TASK TO CARRY OUT: Your copy should repeat each record below exactly and contain no images.

====== SUPPLIED MATERIAL ======

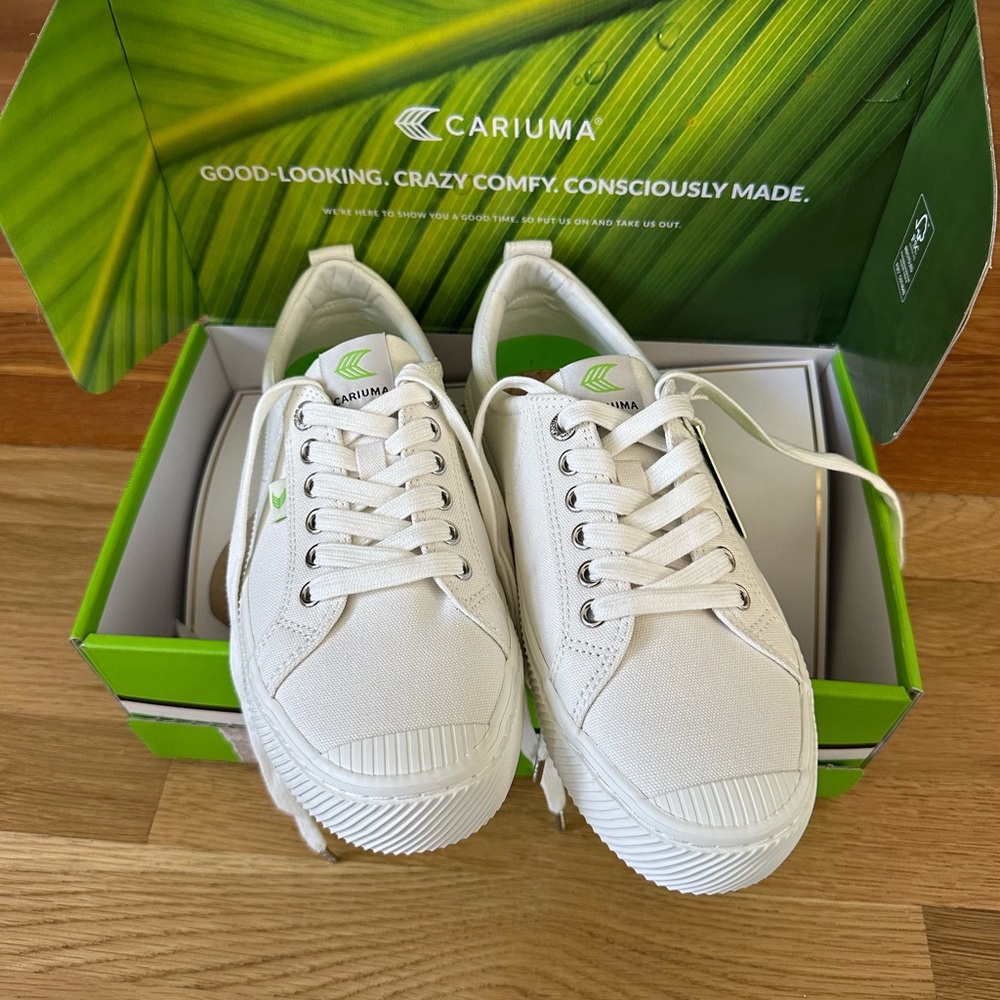 NWT Cariuma OCA Low Off-White Canvas Sneakers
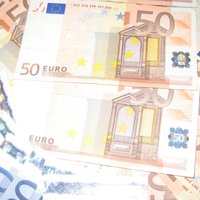Piecu eiro banknošu mazo pieejamību skaidro ar īpašo materiālu, kas var 'uzkārt' bankomātus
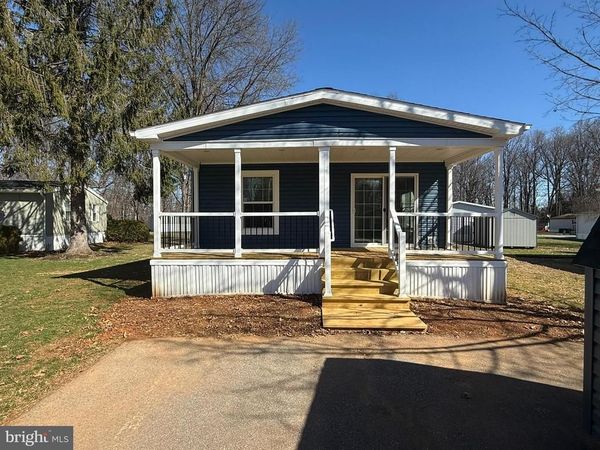 54 RAINBOW CIRCLE, ELIZABETHTOWN, PA 17022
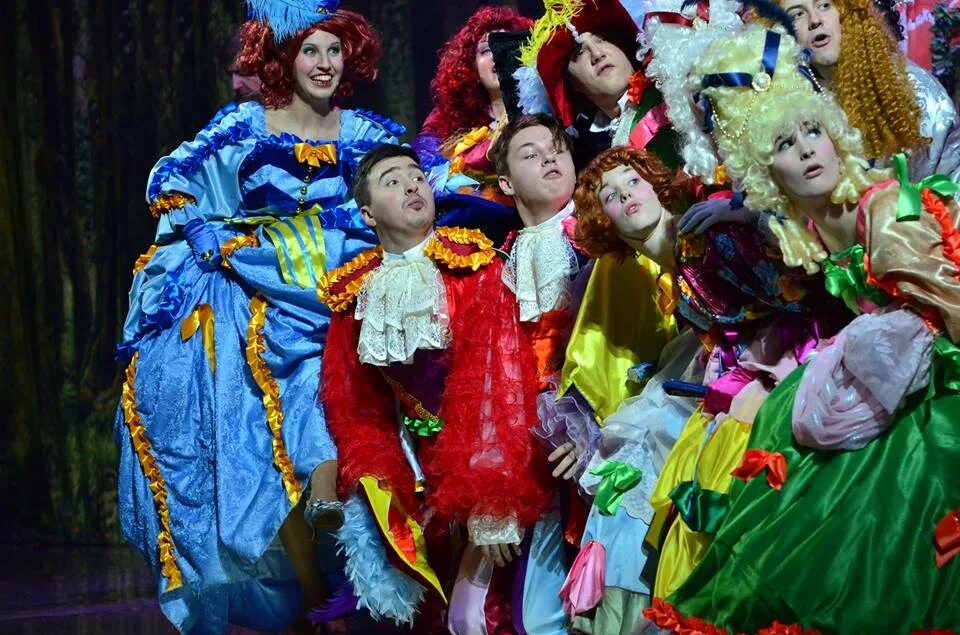 Театр для детей. Московский детский театр марионеток зал. Театр господина пэжо. Детский театр на улице. Спектакль мистиарий театр странствующие куклы господина пэжо.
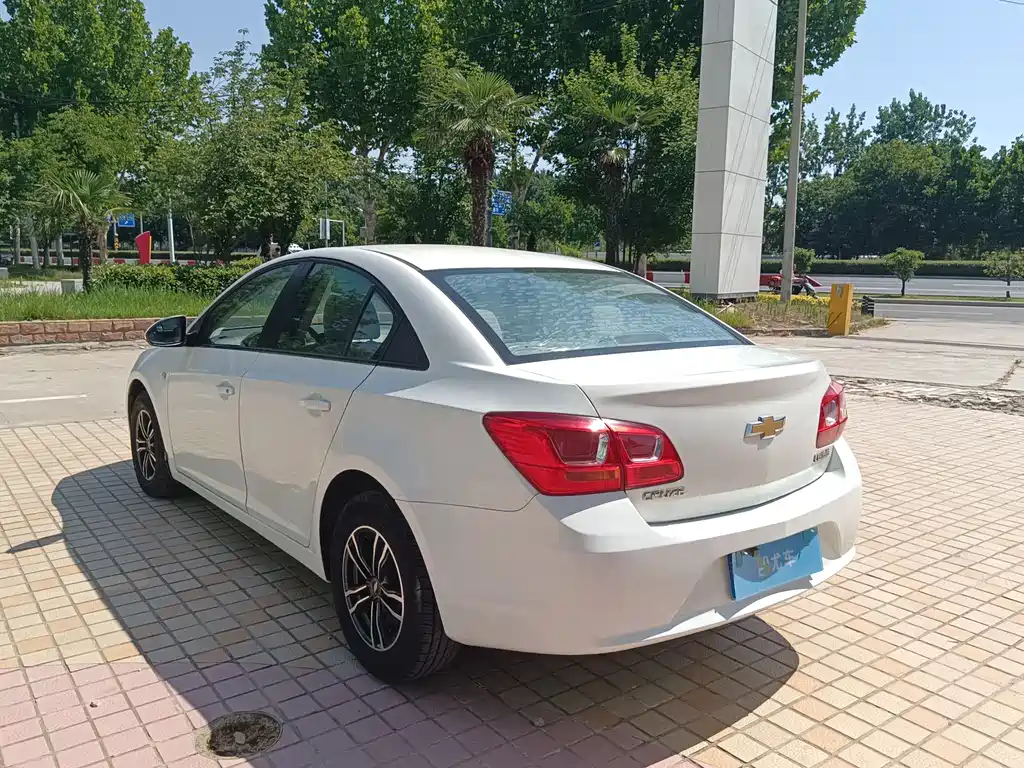 Chevrolet Cruze 2016 — фото 16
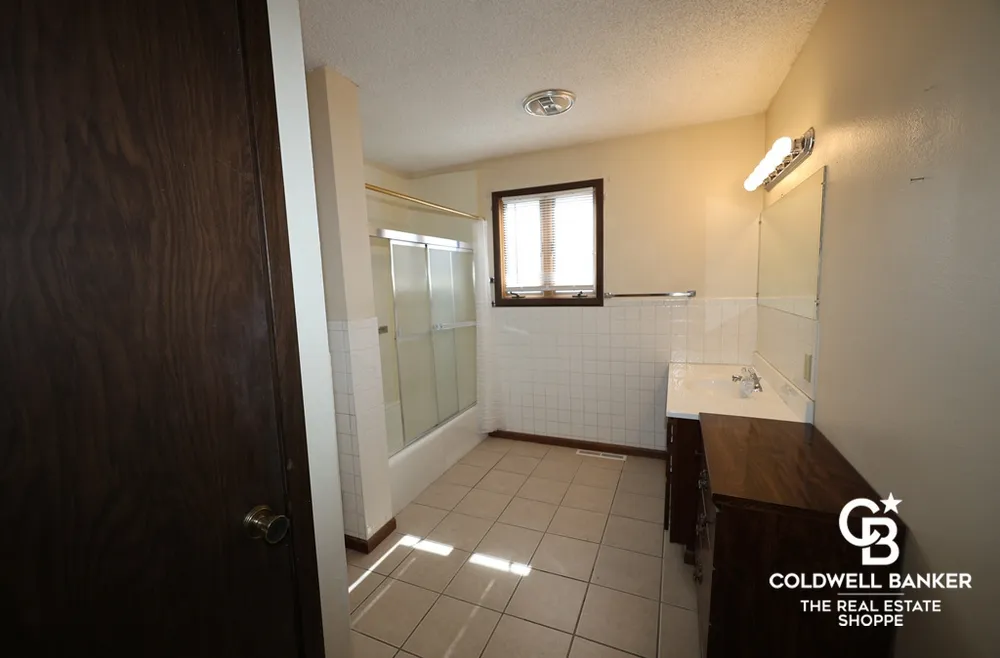 2302 E Fair St, Garden City, KS 67846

======

ANSWER SPACE:
 NWT Cariuma OCA Low Off-White Canvas Sneakers
Piecu eiro banknošu mazo pieejamību skaidro ar īpašo materiālu, kas var 'uzkārt' bankomātus
 54 RAINBOW CIRCLE, ELIZABETHTOWN, PA 17022
 Театр для детей. Московский детский театр марионеток зал. Театр господина пэжо. Детский театр на улице. Спектакль мистиарий театр странствующие куклы господина пэжо.
 Chevrolet Cruze 2016 — фото 16
 2302 E Fair St, Garden City, KS 67846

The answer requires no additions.